| 要旨トップ | 目次 | 日本生態学会第61回全国大会 (2014年3月、広島) 講演要旨
ESJ61 Abstract


一般講演(ポスター発表) PA3-036 (Poster presentation)

高CO2濃度下での寄主―寄生蜂系個体群動態と進化的変化

Than Lin Aung, 鹿児嶋久美子, Deena Husein, *津田みどり(九大院・農)

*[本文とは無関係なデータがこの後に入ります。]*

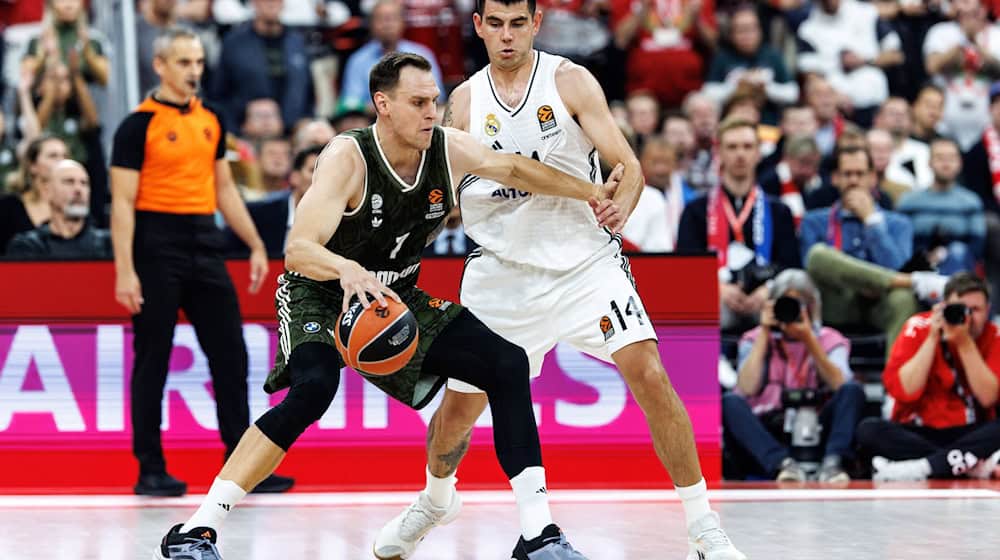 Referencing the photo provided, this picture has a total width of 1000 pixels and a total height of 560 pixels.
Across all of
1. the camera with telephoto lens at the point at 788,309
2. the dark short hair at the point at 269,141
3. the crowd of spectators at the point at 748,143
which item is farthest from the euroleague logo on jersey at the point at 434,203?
the dark short hair at the point at 269,141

地球環境変化要因のうち、大気中CO2濃度はもっとも着実に上昇している。しかし気温に比べて、植物-植食者-動食者系へのCO2濃度上昇の影響はあまり解明されていない。数少ない研究例が示すのは、植物を介したcascade-upが主要因となりやすいということである。そこで本研究では、収穫後の休眠種子を捕食する種子食昆虫(寄主)とその寄生蜂の実験室実験系を用い、植物(種子)が大気環境にほとんど影響されない状況で、高CO2濃度の被食-捕食(寄主—寄生蜂)系の個体群動態および進化的変化への影響を調査した。

結果、高CO2濃度に対する反応は、寄主については地理集団によって異なり、スクランブル型のため高密度になりやすい地理集団では幼虫の生存率や個体群レベルが高くなった。寄生蜂による寄生率は、高CO2濃度で累代実験した寄主の方が高かった。また、高CO2濃度で累代実験した寄生蜂は同様の寄主に対して寄生率が高くなった。これらの結果から、地球環境変化に対する地理集団間の違いや進化的変化が無視できないことが示唆される。